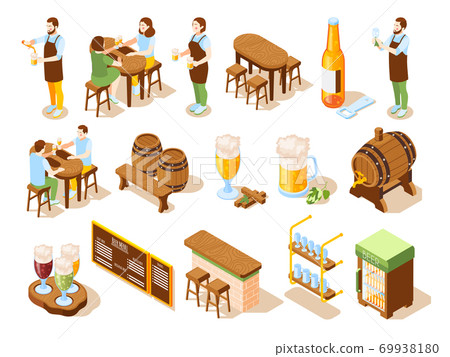 Beer Pub Isometric Icons Beer Pub Isometric Icons 69938180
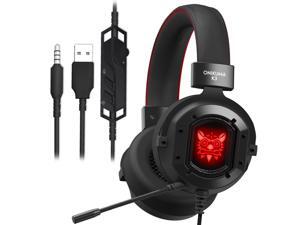ONIKUMA K3 Gaming Headset Headphones Surround Sound USB Headphones Bass Earphones Headphones with Mic RGB Light for Mac Nintendo Switch New Xbox One PUBG Games ONIKUMA K3 Gaming Headset Headphones Surround Sound USB Headphones Bass Earphones Headphones with Mic RGB Light for Mac Nintendo Switch New Xbox One PUBG Games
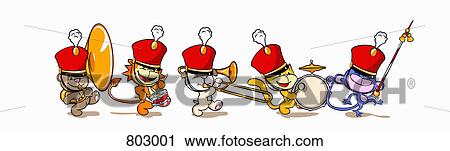 Five animals in a marching band View Large Clip Art Graphic Clipart - Five animals in a marching band. Fotosearch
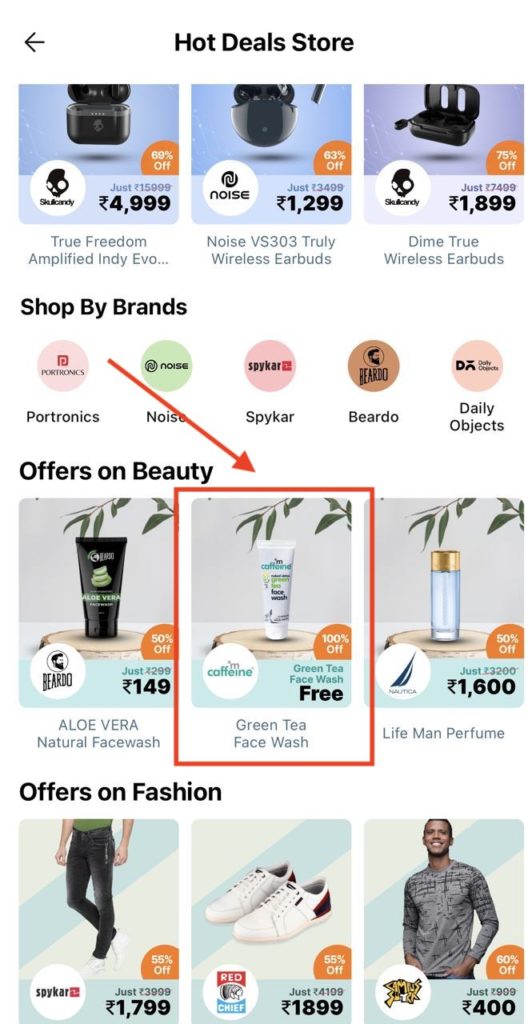 Paytm mcaffeine Loot - How to Get Green Tea Face Wash Worth ₹325 @ Just ₹1 Only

· · ·

# PROBLEM TO WORK ON
Restate the material above word for word, omitting the pictures.

# EXPECTED ANSWER
 Beer Pub Isometric Icons Beer Pub Isometric Icons 69938180
ONIKUMA K3 Gaming Headset Headphones Surround Sound USB Headphones Bass Earphones Headphones with Mic RGB Light for Mac Nintendo Switch New Xbox One PUBG Games ONIKUMA K3 Gaming Headset Headphones Surround Sound USB Headphones Bass Earphones Headphones with Mic RGB Light for Mac Nintendo Switch New Xbox One PUBG Games
 Five animals in a marching band View Large Clip Art Graphic Clipart - Five animals in a marching band. Fotosearch
 Paytm mcaffeine Loot - How to Get Green Tea Face Wash Worth ₹325 @ Just ₹1 Only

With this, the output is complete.